- Theatrical release poster
- Hangul: 그 시절, 우리가 좋아했던 소녀
- Lit.: The Girl We Liked Back Then
- RR: Geu sijeol, uriga joahaetdeon sonyeo
- MR: Kŭ sijŏl, uriga choahaettŏn sonyŏ
- Directed by: Cho Young-myoung
- Screenplay by: Cho Young-myoung
- Based on: The Girl We Chased Together in Those Years [zh] by Giddens Ko
- Produced by: Song Dae-chan
- Starring: Jinyoung; Dahyun;
- Cinematography: Hong Jae-sik
- Edited by: Kim Man-guen
- Music by: Lee Jong-myoung (Ecobridge)
- Production companies: Studio Take; Jayuro Pictures;
- Distributed by: CJ CGV/WYSIWYG Studios [ko] (South Korea); K-Movie Entertainment (international);
- Release dates: October 3, 2024 (BIFF); February 21, 2025 (South Korea);
- Country: South Korea
- Language: Korean
- Box office: US$1 million

= You Are the Apple of My Eye (2024 film) =

2024 film by Cho Young-myoung

You Are the Apple of My Eye is a 2024 South Korean coming-of-age romance film. It is based on the semi-autobiographical novel of the same name by Taiwanese author Giddens Ko. The film, the feature directorial debut of Cho Young-myoung, is a remake of the 2011 Taiwanese film of the same name. It follows immature Jin-woo (Jung Jin-young), who spent countless days before confessing to his first love Seon-ah (Dahyun) at the age of 18.

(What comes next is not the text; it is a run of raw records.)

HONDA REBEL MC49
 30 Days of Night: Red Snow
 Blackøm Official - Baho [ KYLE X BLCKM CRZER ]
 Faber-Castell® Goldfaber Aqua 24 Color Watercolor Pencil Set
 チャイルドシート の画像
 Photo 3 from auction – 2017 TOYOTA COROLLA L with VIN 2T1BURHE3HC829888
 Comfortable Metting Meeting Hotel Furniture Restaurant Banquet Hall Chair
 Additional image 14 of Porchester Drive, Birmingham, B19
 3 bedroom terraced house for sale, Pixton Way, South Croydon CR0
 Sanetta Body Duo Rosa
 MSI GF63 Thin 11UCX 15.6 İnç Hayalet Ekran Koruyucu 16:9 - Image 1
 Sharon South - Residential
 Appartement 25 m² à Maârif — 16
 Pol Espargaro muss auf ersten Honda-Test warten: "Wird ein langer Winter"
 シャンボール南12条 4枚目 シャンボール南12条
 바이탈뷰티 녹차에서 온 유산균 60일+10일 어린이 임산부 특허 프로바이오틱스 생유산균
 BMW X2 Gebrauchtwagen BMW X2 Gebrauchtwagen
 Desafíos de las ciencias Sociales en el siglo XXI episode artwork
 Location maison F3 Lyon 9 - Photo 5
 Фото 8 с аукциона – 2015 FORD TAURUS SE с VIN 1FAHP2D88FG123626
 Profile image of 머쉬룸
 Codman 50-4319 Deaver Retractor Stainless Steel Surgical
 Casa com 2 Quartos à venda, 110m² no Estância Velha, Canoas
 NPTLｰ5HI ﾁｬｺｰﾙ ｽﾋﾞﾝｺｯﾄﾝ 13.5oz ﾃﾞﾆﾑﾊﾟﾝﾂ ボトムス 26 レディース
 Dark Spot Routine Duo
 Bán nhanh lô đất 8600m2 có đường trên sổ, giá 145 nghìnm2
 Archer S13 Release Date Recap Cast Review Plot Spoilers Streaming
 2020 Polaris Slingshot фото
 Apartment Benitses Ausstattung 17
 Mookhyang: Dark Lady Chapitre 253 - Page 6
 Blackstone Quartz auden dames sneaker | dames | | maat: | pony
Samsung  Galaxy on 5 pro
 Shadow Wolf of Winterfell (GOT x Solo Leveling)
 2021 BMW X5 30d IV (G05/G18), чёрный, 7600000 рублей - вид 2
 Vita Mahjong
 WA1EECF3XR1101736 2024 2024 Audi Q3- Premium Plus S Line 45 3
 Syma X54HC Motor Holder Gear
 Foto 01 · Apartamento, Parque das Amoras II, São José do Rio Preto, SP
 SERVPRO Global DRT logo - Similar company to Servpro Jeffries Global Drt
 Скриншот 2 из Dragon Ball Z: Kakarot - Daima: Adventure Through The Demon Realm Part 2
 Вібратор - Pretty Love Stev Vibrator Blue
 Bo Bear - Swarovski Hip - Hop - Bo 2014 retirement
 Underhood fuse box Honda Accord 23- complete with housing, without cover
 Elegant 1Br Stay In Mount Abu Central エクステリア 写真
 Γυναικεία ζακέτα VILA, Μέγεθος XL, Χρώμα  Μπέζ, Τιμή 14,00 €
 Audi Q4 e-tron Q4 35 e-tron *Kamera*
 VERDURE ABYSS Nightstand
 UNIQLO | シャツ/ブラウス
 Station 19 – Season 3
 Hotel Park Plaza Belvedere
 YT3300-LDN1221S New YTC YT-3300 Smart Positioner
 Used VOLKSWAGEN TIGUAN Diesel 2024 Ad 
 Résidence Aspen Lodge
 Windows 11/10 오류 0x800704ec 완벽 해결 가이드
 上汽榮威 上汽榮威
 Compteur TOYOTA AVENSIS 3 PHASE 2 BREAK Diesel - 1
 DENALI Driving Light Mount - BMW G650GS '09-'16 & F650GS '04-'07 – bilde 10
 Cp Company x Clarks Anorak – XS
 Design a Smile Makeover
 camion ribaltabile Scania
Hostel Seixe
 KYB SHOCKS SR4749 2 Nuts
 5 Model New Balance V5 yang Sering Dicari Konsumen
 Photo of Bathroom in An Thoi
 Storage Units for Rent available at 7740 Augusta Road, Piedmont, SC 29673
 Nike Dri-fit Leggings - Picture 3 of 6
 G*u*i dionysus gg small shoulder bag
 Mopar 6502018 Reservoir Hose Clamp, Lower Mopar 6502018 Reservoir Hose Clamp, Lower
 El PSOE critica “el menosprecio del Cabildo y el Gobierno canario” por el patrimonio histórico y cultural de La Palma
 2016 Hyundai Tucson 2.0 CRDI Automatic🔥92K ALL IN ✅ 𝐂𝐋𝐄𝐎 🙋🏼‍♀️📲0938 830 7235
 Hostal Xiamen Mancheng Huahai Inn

The film had its world premiere at the 29th Busan International Film Festival on October 3, 2024. It was released in theaters on February 21, 2025.

==Synopsis==

Jin-woo and his friends each navigating the highs and lows of adolescence. However, they all share a fascination with Seon-ah, the graceful and beautiful model student who seems like an unattainable dream, despite being in the same class. Despite their different personalities and academic standings, Jin-woo and Seon-ah form a close bond by appreciating each other's unique qualities. Their relationship traverses challenging phases of high school.

==Cast==
- Jung Jin-young as Goo Jin-woo
- Dahyun as Oh Seon-ah
- Son Jeong-hyuk as Ahn Sung-bin
- Kim Yo-han as Oh Dong-hyun
- Lee Min-goo as Byun Tae-wan
- Lee Seung-jun as Han Byeong-ju
- Kim Min-ju as Yoon Ji-soo
- Jo Dal-hwan as Teacher
- Park Sung-woong as Jin-woo's father
- Shin Eun-Jung as Jin-woo's mother
- Son Woo-hyeon as Seon-ah's groom

==Production==

In May 2024, JYP Entertainment reported that Dahyun was cast as the female lead in the Korean remake of You Are the Apple of My Eye. They further reported, "We have received an offer for the work and are currently reviewing it." Jung Jin-young's agency Management Run also confirmed his appearance in the film.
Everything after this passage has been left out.